Available records START
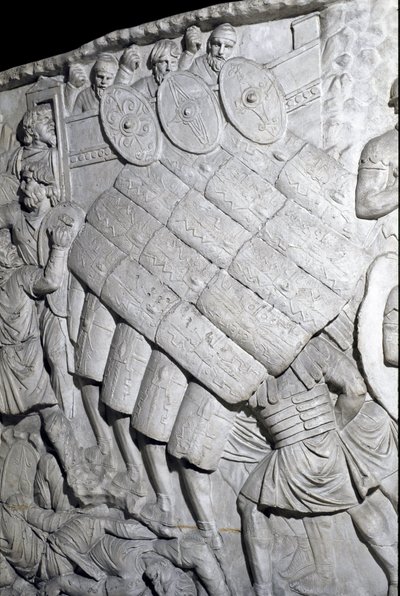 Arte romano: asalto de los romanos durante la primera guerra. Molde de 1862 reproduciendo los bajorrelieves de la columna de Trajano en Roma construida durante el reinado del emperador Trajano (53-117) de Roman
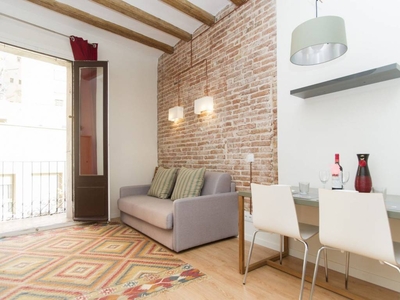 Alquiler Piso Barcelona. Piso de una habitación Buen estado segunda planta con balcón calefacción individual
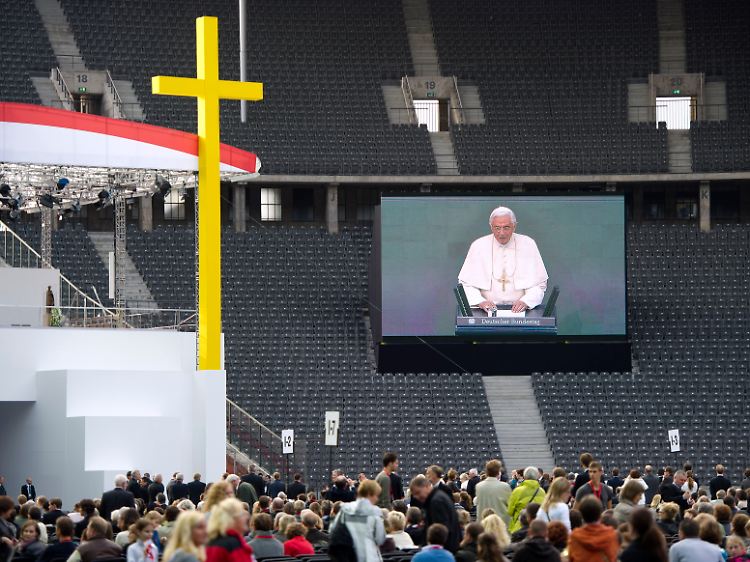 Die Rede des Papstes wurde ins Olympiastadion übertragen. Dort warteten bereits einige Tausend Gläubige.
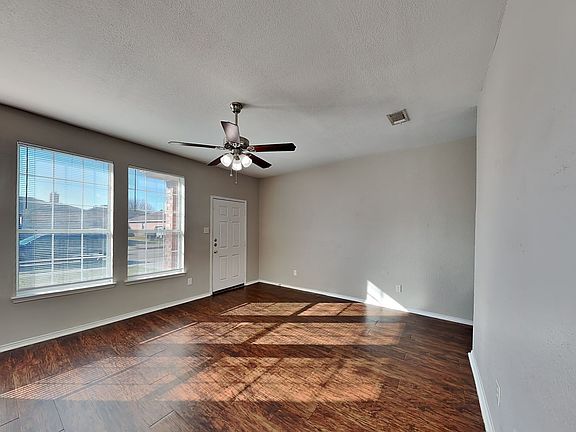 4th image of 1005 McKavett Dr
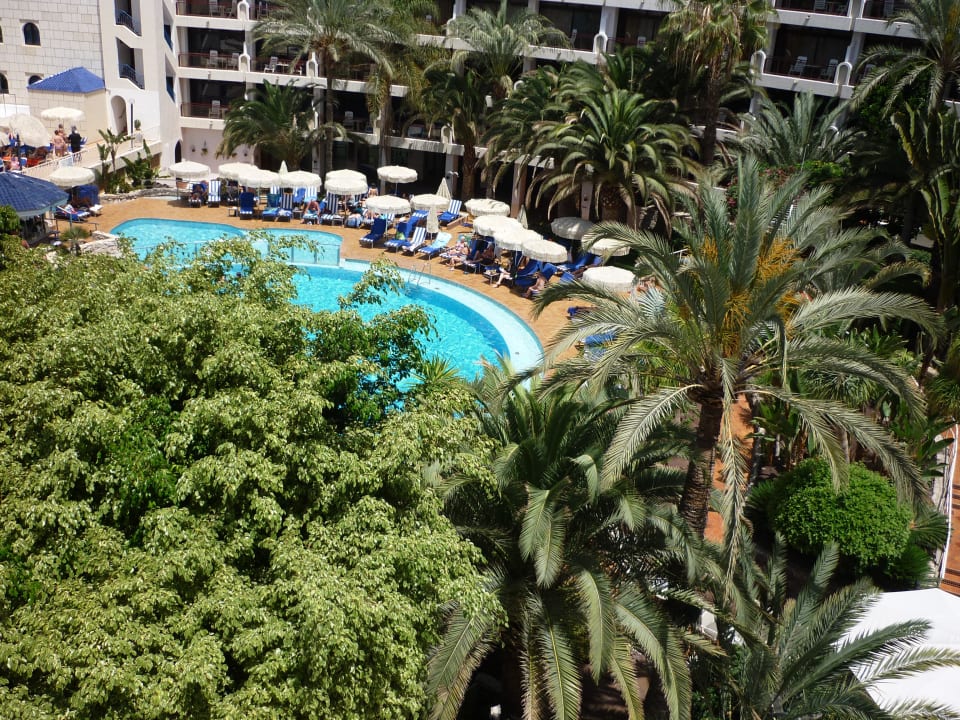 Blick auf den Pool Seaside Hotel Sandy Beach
Available records END
• Your task:
In the reply, each line of the data must appear exactly as written, and no picture may appear.

• Written response:
 Arte romano: asalto de los romanos durante la primera guerra. Molde de 1862 reproduciendo los bajorrelieves de la columna de Trajano en Roma construida durante el reinado del emperador Trajano (53-117) de Roman
 Alquiler Piso Barcelona. Piso de una habitación Buen estado segunda planta con balcón calefacción individual
 Die Rede des Papstes wurde ins Olympiastadion übertragen. Dort warteten bereits einige Tausend Gläubige.
 4th image of 1005 McKavett Dr
 Blick auf den Pool Seaside Hotel Sandy Beach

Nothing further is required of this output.